The public image projected during the G8 summit in July 2001 could not have been more imperial. Thirteen-foot barbed steel fences demarcated two restricted zones within the historic center of Genoa, Italy: Red, for residents and delegates, and Yellow, under police control, for demonstrators. Voided of local activity, the city gained an urbanism of eerie luxury; emptiness blanketed the normally Fiat-filled streets surrounding the Palazzo Ducale. The silence caused some journalists to compare the metropolis to medieval towns hit by the bubonic plague. They were wrong. The minicity that emerged in Genoa belonged entirely to the 21st century. The streets were cannily rezoned, with physical space neatly containing and curtailing speech and action. Organized protest had met the security state's science of crowd control: free speech zoning.

| Armin Linke Armin Linke

Urban zoning originated in 19th-century Europe as a tool for regulating land and building uses. The movement grew out of concerns over the way cities were being transformed by industrialization. In the US, New York's 1916 Zoning Ordinance codified the size and location of skyscrapers to allow light to reach the streets below. But by the time of Genoa 85 years later, regulations had shifted from height and land use to limits on population density and access. From a tool of permanence and planning, zoning became an instrument of transience and politics.

Today, our public sphere – spaces where people can freely exchange opinions, including physical locales like cafés as well as figurative ones like newspapers – appears to be imploding.

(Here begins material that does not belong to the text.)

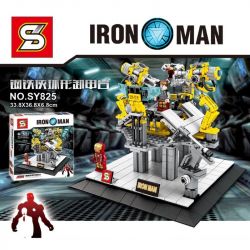 SHENG YUAN SY SY825 non  DÀN MÁY CỦA NGƯỜI SẮT bộ đồ chơi xếp lắp ráp ghép mô hình Super Heroes IRON MAN GANTRY MACHINE Siêu Nhân Anh Hùng 527 khối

What we call public is being radically compressed into, at best, mere megabytes. Genoa will forever be remembered as the summit whose carefully calibrated precincts were pierced by the haunting death of 23-year-old protester Carlo Giuliani. The Red Zone's meetings were far less attractive to cameras than the colorful cacophony surrounding them, and many of the 430 people injured in the Yellow Zone shared media airspace with G8 heads of state.

If Genoa partitioned free speech, subsequent G8 conferences have pushed it even further from the action. The 2002 meeting was held in Kananaskis, Alberta – a region so remote that even delegates had difficulty reaching it. And the 2003 venue of Evian, a French spa town squeezed between a mountain and a lake, explicitly excluded protesters from Evian itself – forcing them onto Web sites, where they plotted a blockade of the town's access roads.

| Armin Linke Armin Linke

Such Web activism has blurred the distinction between organized and spontaneous speech. Web-fueled protests, such as those this spring against the war in Iraq, offer the perfect Alice-in-Wonderland escape hatch from Genoa-like controls. For all its benefits, the Web remains a virtual space. To the extent it enables speech to break free of containment, it is a welcome tool. But it isn't altogether the solution. Our Free Speech Zone needs a new shape, one with less mapping and more latitude. If it's dull nostalgia to dream of café politics, it's deliberate neglect to stand by while dialog and debate are zoned out of our democracies.